Exploring Lamport's Bakery algorithm in C++20
Marton Trencseni - Sun 06 July 2025 - Programming
Introduction
The Bakery algorithm was discovered by Leslie Lamport in 1974 and described in his seminal paper A New Solution of Dijkstra's Concurrent Programming Problem. The algorithm solves the mutual exclusion problem: given n processes with shared memory, how can they cooperate so each one can execute a crticial section of code without any other process executing their critical section at the same time. Effectively, the algorithm implements a locking mechanism, where each process, before entering their critical section, acquires the lock, and then afterwards releases it. On his publications page, Lamport adds the following comments:
This paper describes the bakery algorithm for implementing mutual exclusion. I have invented many concurrent algorithms. I feel that I did not invent the bakery algorithm, I discovered it. Like all shared-memory synchronization algorithms, the bakery algorithm requires that one process be able to read a word of memory while another process is writing it. (Each memory location is written by only one process, so concurrent writing never occurs.) Unlike any previous algorithm, and almost all subsequent algorithms, the bakery algorithm works regardless of what value is obtained by a read that overlaps a write. If the write changes the value from 0 to 1, a concurrent read could obtain the value 7456 (assuming that 7456 is a value that could be in the memory location). The algorithm still works. I didn't try to devise an algorithm with this property. I discovered that the bakery algorithm had this property after writing a proof of its correctness and noticing that the proof did not depend on what value is returned by a read that overlaps a write. I don't know how many people realize how remarkable this algorithm is. Perhaps the person who realized it better than anyone is Anatol Holt, a former colleague at Massachusetts Computer Associates. When I showed him the algorithm and its proof and pointed out its amazing property, he was shocked. He refused to believe it could be true. He could find nothing wrong with my proof, but he was certain there must be a flaw. He left that night determined to find it. I don't know when he finally reconciled himself to the algorithm's correctness.

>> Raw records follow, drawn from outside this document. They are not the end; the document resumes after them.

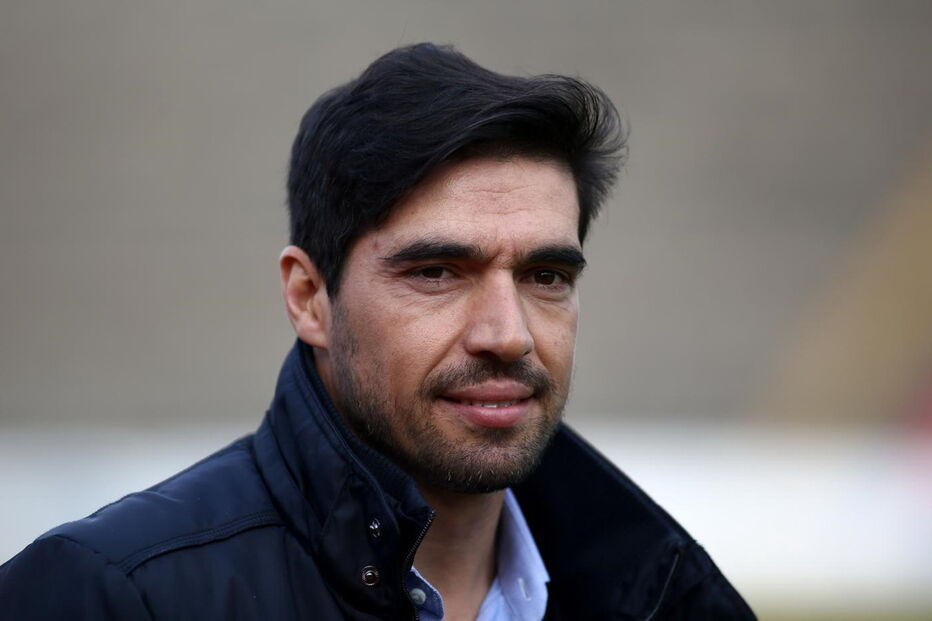 Sp. Braga, futebol, sporting, desporto, Abel Ferreira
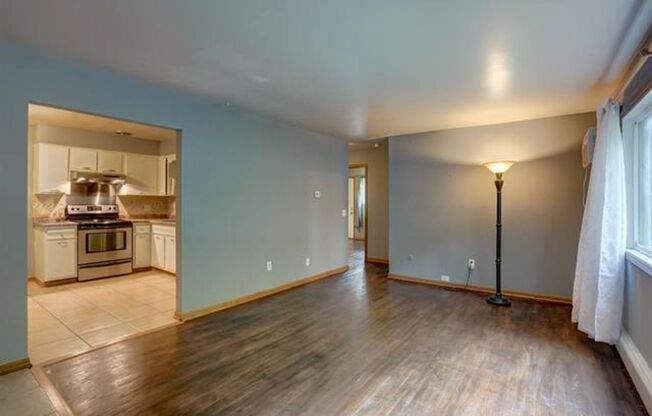 BANFI RENTALS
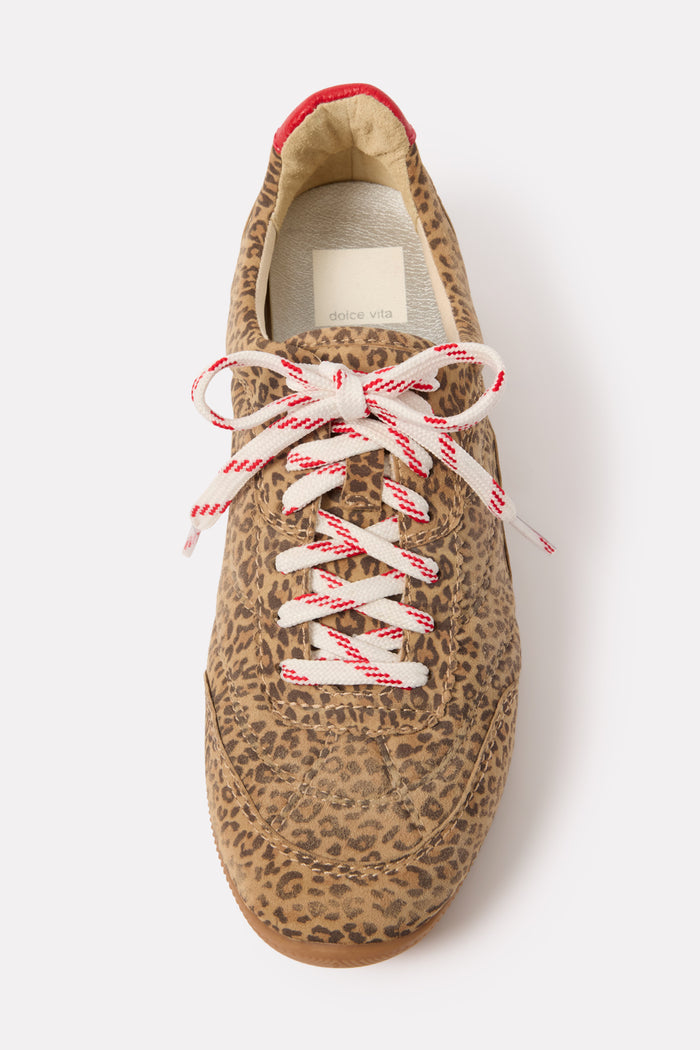 Laini Sneaker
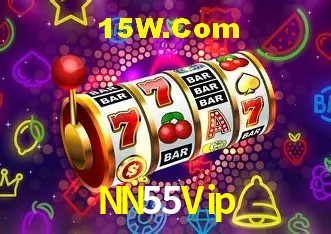 NN55Vip Rio de Janeiro - Licenses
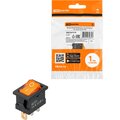 sq0746-0133-tdm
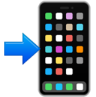 phone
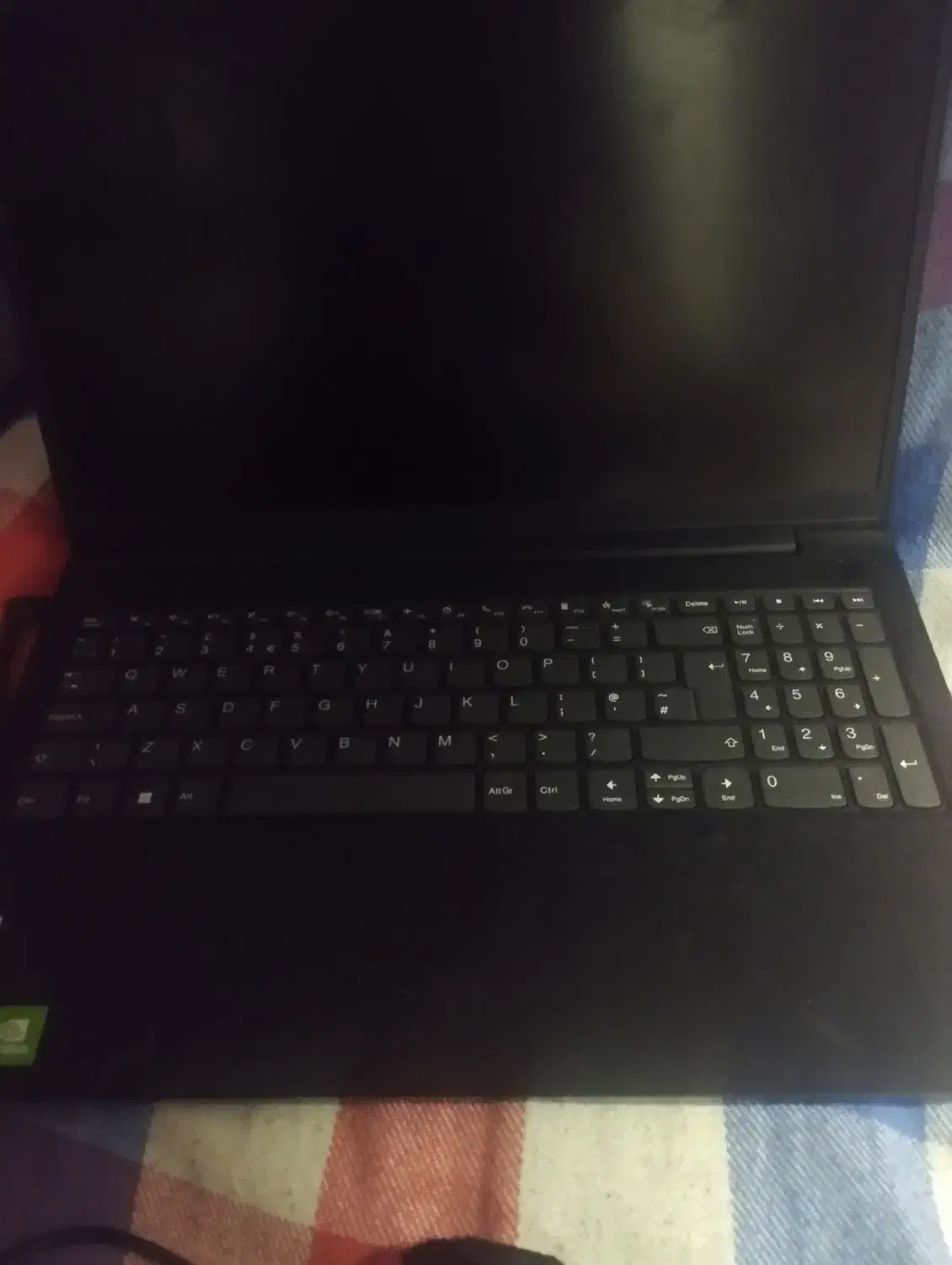 استوک لپ تاب|رایانه همراه|قم, باغ شازده|دیوار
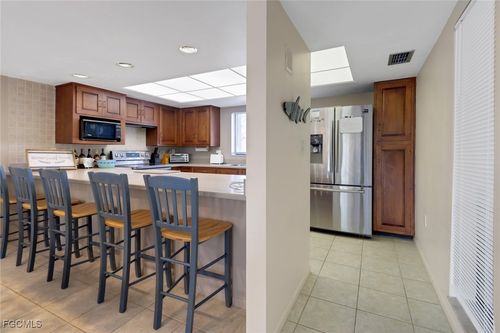 104-5015 Harbortown Ln, FORT MYERS, FL, 33919-4656 | Card Image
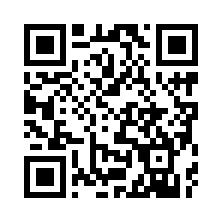 QR Code for 167oWG6LyK9h3VMZcuCPfYMbLKFZHMGR89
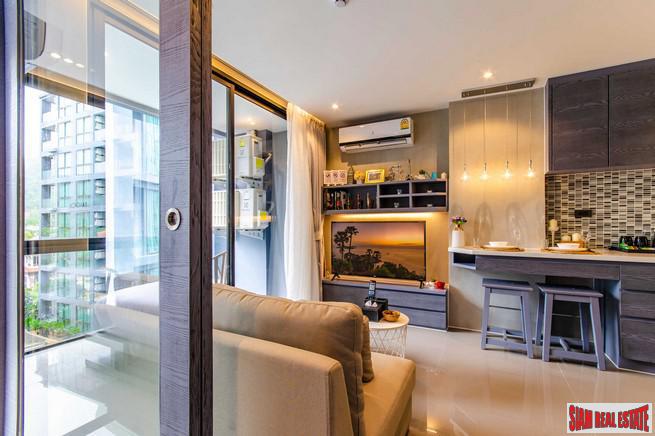 Property - For Sale
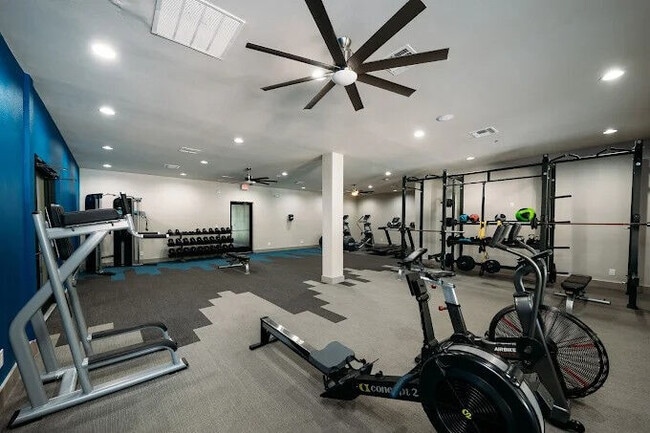 Photo - ParkVista Apartments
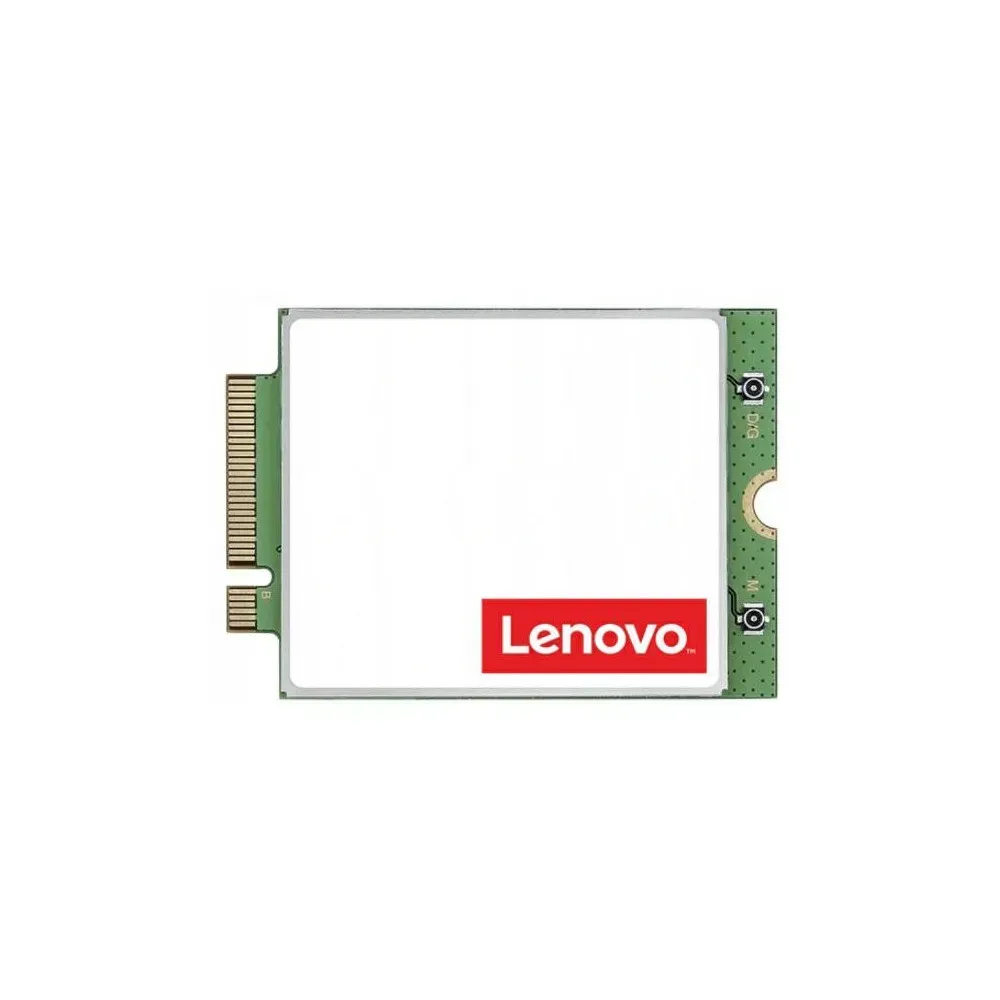 Modem Lenovo ThinkPad Foxconn SDX61 5G Sub6 PCIE M.2 3052 WWAN module 4XC1V93320, do P14s G7 Intel | Sklep ITnes.pl, IT for BUSINESS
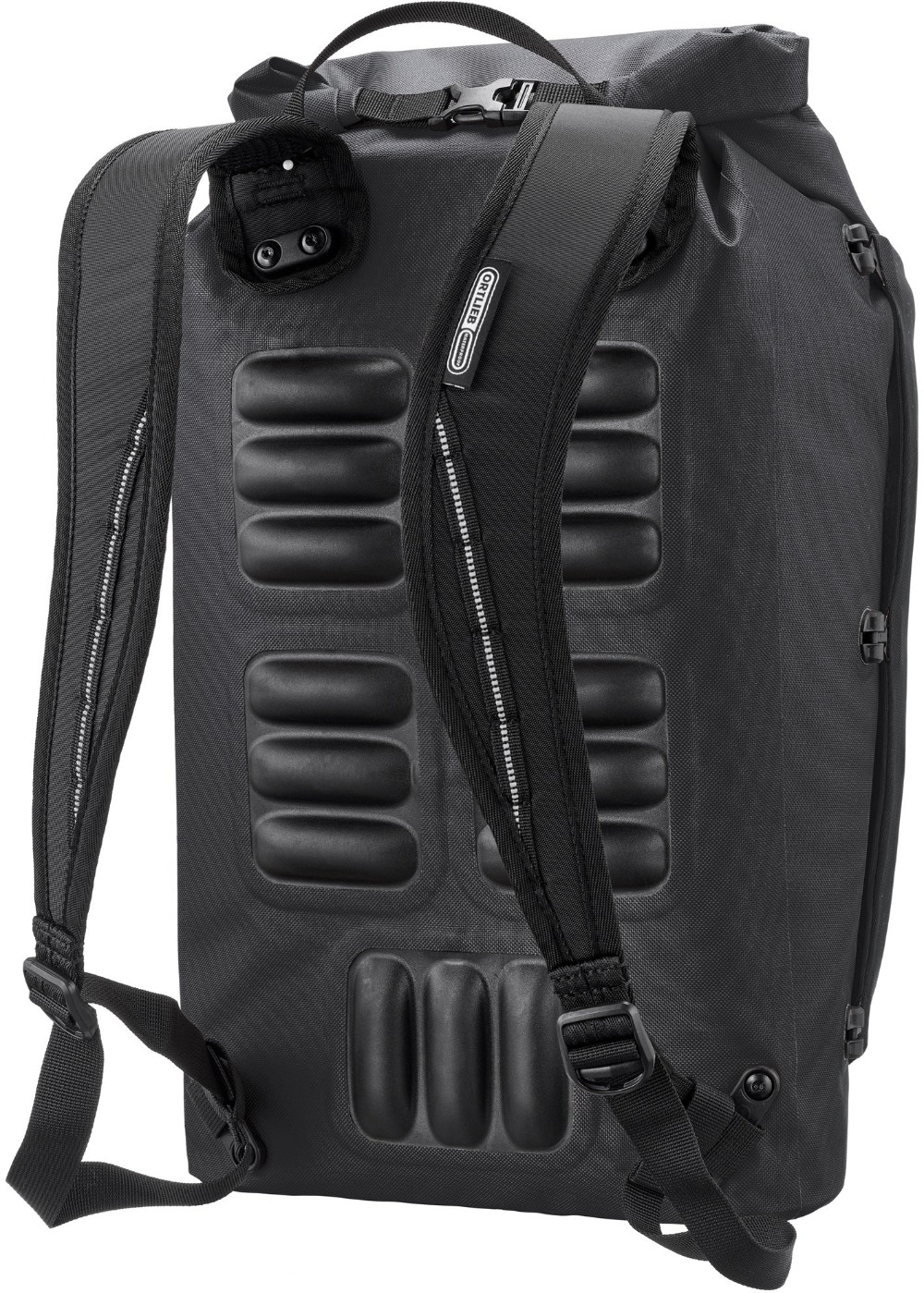 Vario Lite Pannier Bag/Backpack image 1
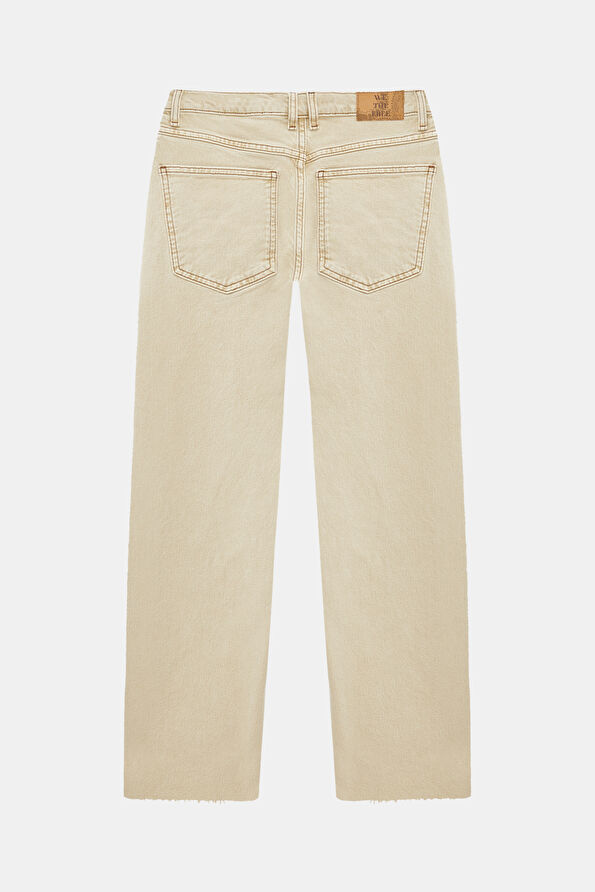 Vakkorama4 Vakkorama4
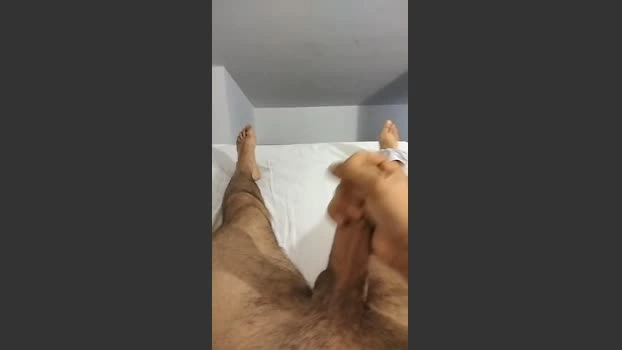 tommy2448 05-07-2026 Male Cap ass strip Porn naughty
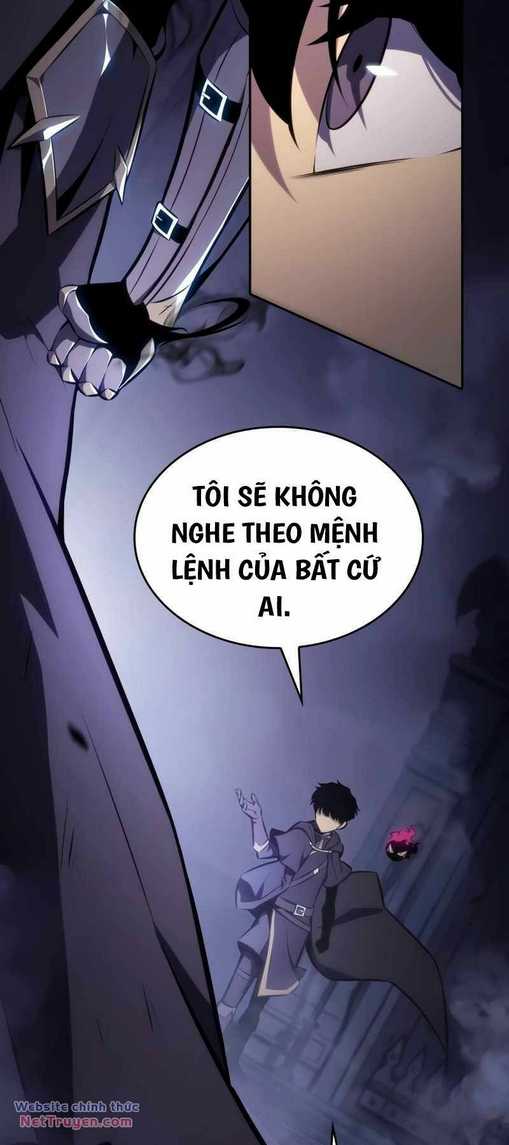 Trang 62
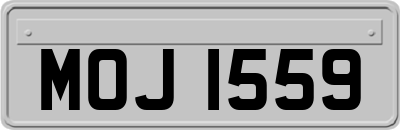 MOJ1559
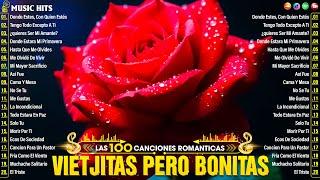 MUSICA BALADAS ROMANTICA EN ESPANOL DE 70 80 90 1 Hora De Música Romántica Viejitas Pero Bonitas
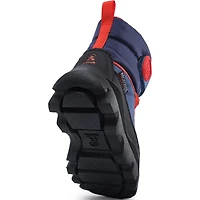 Kids' Stance 2 Waterproof Winter Boot Toddler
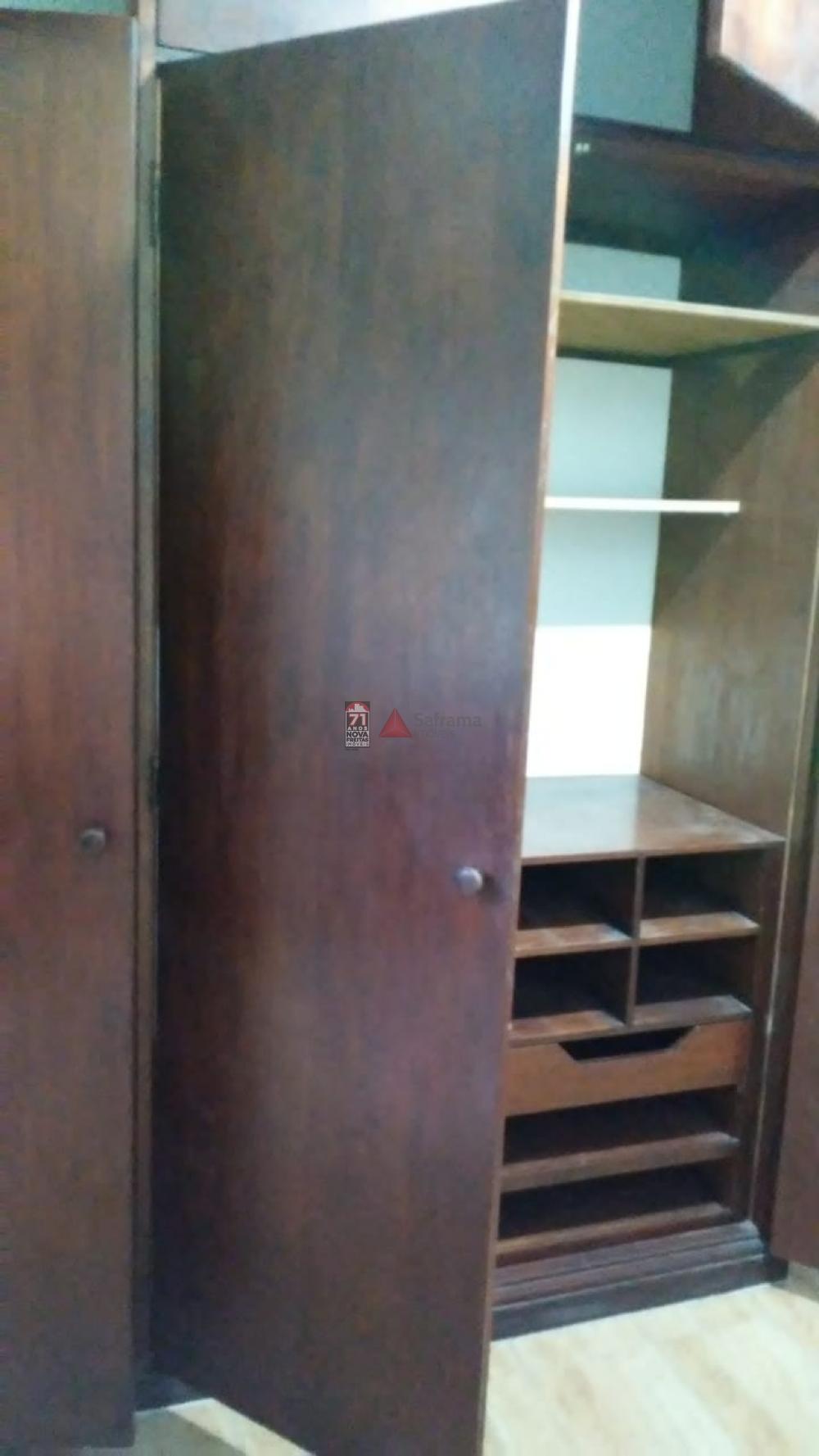 Alugar Casa / Padrão em São José dos Campos apenas R$ 6.000,00 - Foto 14 Alugar Casa / Padrão em São José dos Campos apenas R$ 6.000,00 - Foto 14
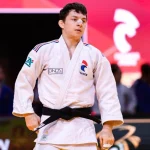 Judo - Grand Prix de Linz : Valadier-Picard décroche le titre en -60 kg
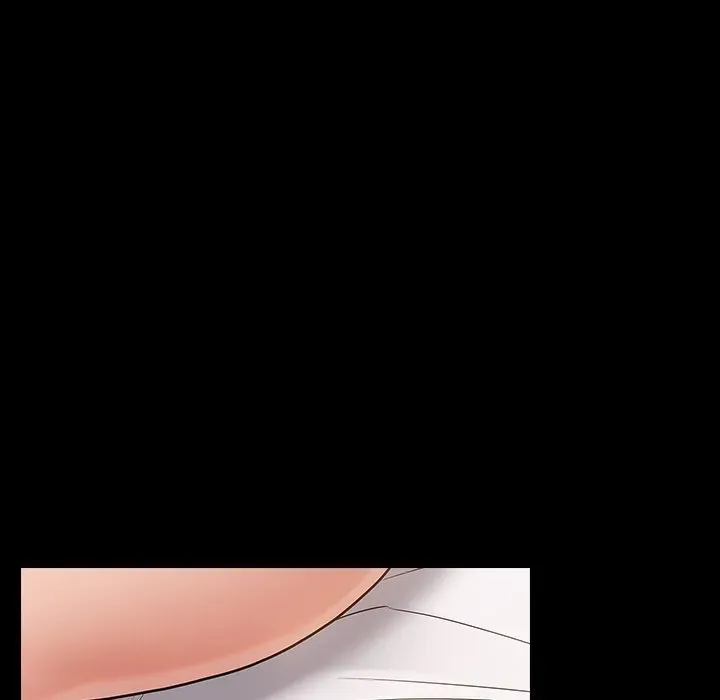 Fruitless Chapter 59 page 110 - 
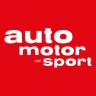 auto motor und sport News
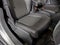 2016 Jeep Compass Sport 75th Anniversary Edition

The code for the article is on Github.
Pseudocode
The pseudocode implementation of the Bakery algorithm is as follows:
# Lamport’s Bakery algorithm for n concurrent processes
Choosing[1 .. n] : boolean # true ⇢ process is choosing its number
Numbers [1 .. n] : integer # 0 ⇢ process is not competing
procedure lock(i) # called by process i (1-based index)
Choosing[i] := true
Numbers[i] := 1 + max(Numbers[1 .. n]) # take the next “ticket”
Choosing[i] := false
for j := 1 to n do
# wait while j is still choosing
while Choosing[j] do
yield
# wait while (ticket[j], j) < (ticket[i], i)
while Numbers[j] != 0
and (Numbers[j] < Numbers[i] # lower number
or (Numbers[j] = Numbers[i] and j < i )) # same number, lower ID
do
yield
end for
end procedure
procedure unlock(i) # called by process i when leaving critical section
Numbers[i] := 0
end procedure
When a process calls lock(i) it first raises Choosing[i] to announce, “I’m about to take a ticket.” While that flag is true every other process is obliged to spin, so nobody will look at Numbers[i] until it is final. Process i then writes its ticket as 1 + max(Numbers[1..n]), drops Choosing[i] to false, and enters the scan over all peers. For each peer j it does two checks: (1) it waits until Choosing[j] is false, guaranteeing that any ticket in Numbers[j] is fully written, and (2) it waits while j’s lexicographic pair (Numbers[j], j) is strictly smaller than its own. Because these pairs form a total order, at most one process can find itself “smallest,” so only that process can pass the entire loop and enter the critical section.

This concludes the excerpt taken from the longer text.